When I began as an energy trader 20 years ago, pricing was pretty simple. You had your base stacks of coal and nuclear generation bidding in as a price-takers, which left the price to be determined by the efficiencies of combined-cycle and single-cycle natural gas peaker plants. New England, for example, simply traded multiples of the of the Algonquin gas pipeline price.
But now, because of renewables and flexible load resources, which include demand response (DR), virtual power plants (VPPs) and even data centers, the markets have much more flexibility. And that’s why accurate price forecasting today is more difficult — and more critical — than ever and requires a team of AI/ML data scientists and engineers.
The retail electricity providers in the 14 deregulated states are getting hit the hardest. They are mostly competing on price, but they don’t have good clarity on their own purchasing costs in the short or long term, because of the complexity of price-setting variables, which shifts from hour to hour. So, it’s very difficult for them to hedge their positions in the market. Ultimately though, as these retailers increase margins to protect against the price volatility and unreliable forecasts, it’s the retail customers who pick up the tab.
The situation is tough in public power, too. They aren’t at risk of going under like a retailer might be. But they have to pass the costs along to very unhappy citizens and co-op members. Investor-owned utilities are also affected in the short-term, but at the end of the day, they can generally re-coup costs through rate fees, which (again) is to say that the end-consumer is most-affected.
In short, you need a bunch of sophisticated machine-learning algorithms and lots of historical prices, fuel costs and generation, as well as accurate forecasts for net demand, which comes from having accurate forecasts of weather, demand, solar and wind. You also have to account for things like grid congestion, transmission limits, market rules, and how different participants bid. Ultimately, AI is up to the computational task, but the forecasts will only be as good as the models you create and data that goes into them.
Actually, I think independent power producers (IPPs) will be the biggest winners from improved price forecasting. They have to bid in every day on a curve that represents how much electricity they are willing to supply at varying price levels. With accurate price forecasts they can make strategic calculations to maximize their profitability. For thermal generators that know their fuel and operating costs, it’s relatively simple. For battery storage, price forecasts are really important, because they only have a limited capacity to dispatch and need to bid that capacity for the hours with the best price potential. For wind and solar it’s more complicated, because they also need accurate generation forecasts for their assets. If the generation forecast shows that they will likely fall short during an expensive hour, they can acquire from the market the additional supply they need to be safely hedged.
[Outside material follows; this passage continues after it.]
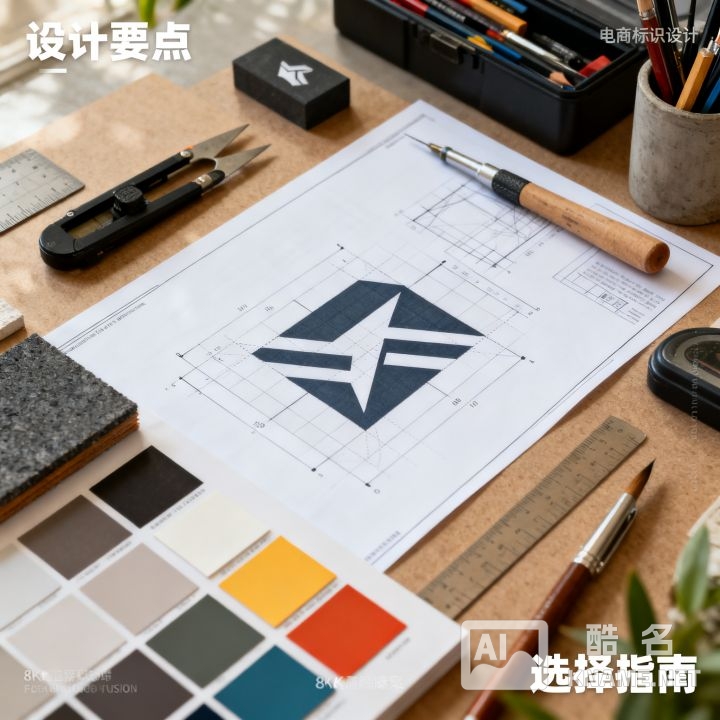 长宁区电商标识设计哪家好，怎么选才靠谱？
But it’s also about who has the most to gain from a human-resources standpoint. IOUs and hedge funds can afford full-time quant teams to grind out the figures and strategies in house. But IPPs, public power, and some trading shops don’t have that type of support, which means a comprehensive forecasting system is a big upgrade for them.
Yeah, so price forecasting isn’t really about: “Here’s the magic number of what tomorrow is going to clear.” It’s about knowing the shape and when price is going to peak — or bottom out. Going back to batteries again, because that’s the clearest example, they have a limited capacity to offer, so they need to get it right every day to maximize financial performance. It’s easier in California, because they can bid in four-hour blocks. But in ERCOT, they have to bid in one or two-hour increments. So they need to know precisely where the action is going to be.
For the time being, we’re sticking to hubs and zones — what’s liquidly traded. PJM has approximately 11,000 nodes, so we’re not getting into that level of granularity. We will initially build out zones or hubs that have any liquidity in PJM. What that means is users will have to take responsibility for figuring their own basis risk, as that gets into power flow modeling, which isn’t currently on Amperon’s near-term road map.
Day-ahead price forecasts was the logical place to begin, but we do have plans for real-time price forecasting, as well. Historically, the people who needed day-ahead price forecasts weren’t the same people who used real-time forecasts. EMAs (energy management agreements) handled the bulk of intra-day trading when, for instance, a nuclear plant tripped offline and suddenly there was 2,000 MW less supply and a lot of price volatility. But with the increasing complexity of renewables and flexible load resources (which is increasing intra-day volatility and trading) we’re seeing more large generators and utilities bring real-time trading desks in-house. So ultimately, we will offer both forecasts on our platform.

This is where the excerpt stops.